Bismarck’s Highland Acres is home to a state champion red oak tree, whose important job it is to supply ample shade in the summer and woodstove kindling in the winter.
The non-native Quercus rubra has been added to the 2017 North Dakota Register of Champion Trees, which is the official list of the first- and second-largest trees of each native and non-native species in the state.
“We’ve always been excited about the tree, but we’re even more excited now that it’s a champion,” said Jim Fuglie, who, along with his wife, Lillian Crook, owns the now-famous red oak.
With a total score of 166 points, the 42-year-old tree has a circumference of 5 feet 2 inches, a height of 70 feet and an average crown spread of 68 feet.
“The tree is so massive it shades the entire yard,” Fuglie said, noting his wife planted 120 varieties of shade-loving hostas around the tree’s base shortly after they purchased the property in October of 2009.
The tree was bare branched and bracing for winter when the couple closed on the house. You can imagine their surprise when the tree leafed out in the spring.
“It’s just this spectacular big tree. You see it from 150 feet and think, ‘Holy cow,’” Fuglie said.
“It’s a gorgeous specimen,” Crook added.
The tree was planted in 1976 by Pieter Smeenk and his son, Lars, for their wife and mother, Birgit. The Smeenks were the first family to own the “Red Oak House,” located at 920 Arthur Drive
“Birgit wanted that tree so badly,” said neighbor Myrna Blackstead, who has lived in Highland Acres for the past 52 years. According to her recollection, the champion tree was transferred from the Smeenks’ lake property in Minnesota, after their first red oak was trampled during outdoor play.
Birgit Smeenk watered the tree daily. For the first few years, it didn’t grow. It wasn’t until a water main broke and saturated the ground that the tree really took off, according to Crook, who recounted the stories told to her by the Smeenk family.
“We think it’s as tall as it’s going to get,” Fuglie said.
The red oak starts leafing out in June, and is one of the last Highland Acres trees to lose its color in the fall.
“It’s just beautiful,” said Blackstead, who can look out her front window to view the tree anytime she pleases.

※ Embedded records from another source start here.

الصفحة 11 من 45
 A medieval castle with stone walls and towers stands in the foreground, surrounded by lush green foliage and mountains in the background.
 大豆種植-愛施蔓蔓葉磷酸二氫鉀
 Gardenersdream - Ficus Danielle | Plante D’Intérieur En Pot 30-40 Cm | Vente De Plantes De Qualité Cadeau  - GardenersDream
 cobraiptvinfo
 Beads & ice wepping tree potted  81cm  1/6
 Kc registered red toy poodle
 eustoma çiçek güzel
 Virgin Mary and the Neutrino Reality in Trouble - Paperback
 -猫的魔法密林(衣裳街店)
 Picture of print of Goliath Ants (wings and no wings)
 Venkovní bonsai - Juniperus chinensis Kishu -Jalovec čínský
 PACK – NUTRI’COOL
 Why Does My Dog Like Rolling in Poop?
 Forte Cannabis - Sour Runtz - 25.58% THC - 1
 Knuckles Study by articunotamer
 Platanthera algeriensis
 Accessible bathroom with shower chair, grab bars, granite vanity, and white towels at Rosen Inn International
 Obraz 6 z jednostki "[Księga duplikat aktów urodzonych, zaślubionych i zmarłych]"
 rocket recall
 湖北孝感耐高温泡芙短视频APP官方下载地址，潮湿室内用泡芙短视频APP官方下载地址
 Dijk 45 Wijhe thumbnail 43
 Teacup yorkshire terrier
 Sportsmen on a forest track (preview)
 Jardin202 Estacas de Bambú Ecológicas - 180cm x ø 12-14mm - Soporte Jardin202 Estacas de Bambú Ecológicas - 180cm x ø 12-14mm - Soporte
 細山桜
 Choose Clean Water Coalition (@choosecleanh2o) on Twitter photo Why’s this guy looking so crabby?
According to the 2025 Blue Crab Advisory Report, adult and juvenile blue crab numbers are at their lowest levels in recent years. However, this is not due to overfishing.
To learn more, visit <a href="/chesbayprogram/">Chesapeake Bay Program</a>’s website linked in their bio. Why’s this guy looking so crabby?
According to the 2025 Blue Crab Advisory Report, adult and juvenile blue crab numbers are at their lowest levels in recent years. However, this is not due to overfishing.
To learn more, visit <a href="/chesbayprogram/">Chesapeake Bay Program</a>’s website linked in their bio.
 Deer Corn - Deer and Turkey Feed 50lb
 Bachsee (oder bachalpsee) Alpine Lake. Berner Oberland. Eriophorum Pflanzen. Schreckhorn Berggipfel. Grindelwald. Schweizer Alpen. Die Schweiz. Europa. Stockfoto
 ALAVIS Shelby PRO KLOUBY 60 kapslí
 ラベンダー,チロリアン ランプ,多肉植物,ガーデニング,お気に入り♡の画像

The champion tree has weathered storms, including a microburst, and, most recently, survived an infestation of aphids, which are tiny soft-bodied insects that suck the sap from stems and leaves of various plants.
“We’re taking good care of it,” Fuglie said.
Crook, a former university librarian who most recently worked for the National Park Service, and Fuglie, North Dakota’s former tourism director who has worked in public relations, are retired and both enjoy gardening in their spare time. The couple lived in Medora prior to their move to Bismarck.
In order to be considered for the register, Fuglie had to complete a nomination form, which asked for specifics such as the species of the tree and its estimated circumference, height and crown spread. Entries are accepted year round.
Competitive trees are further inspected and measured by forestry service specialists, who tabulate a score based on measurements. The tree with the highest point value in each category wins.
Winning trees remain in the register, which is updated each December, until a more impressive one comes along.
The 2017 register includes six new state champion trees and one new second-place tree.
North Dakota’s Champion Tree Program is sponsored by the North Dakota Forest Service and the Dakotas Society of American Foresters.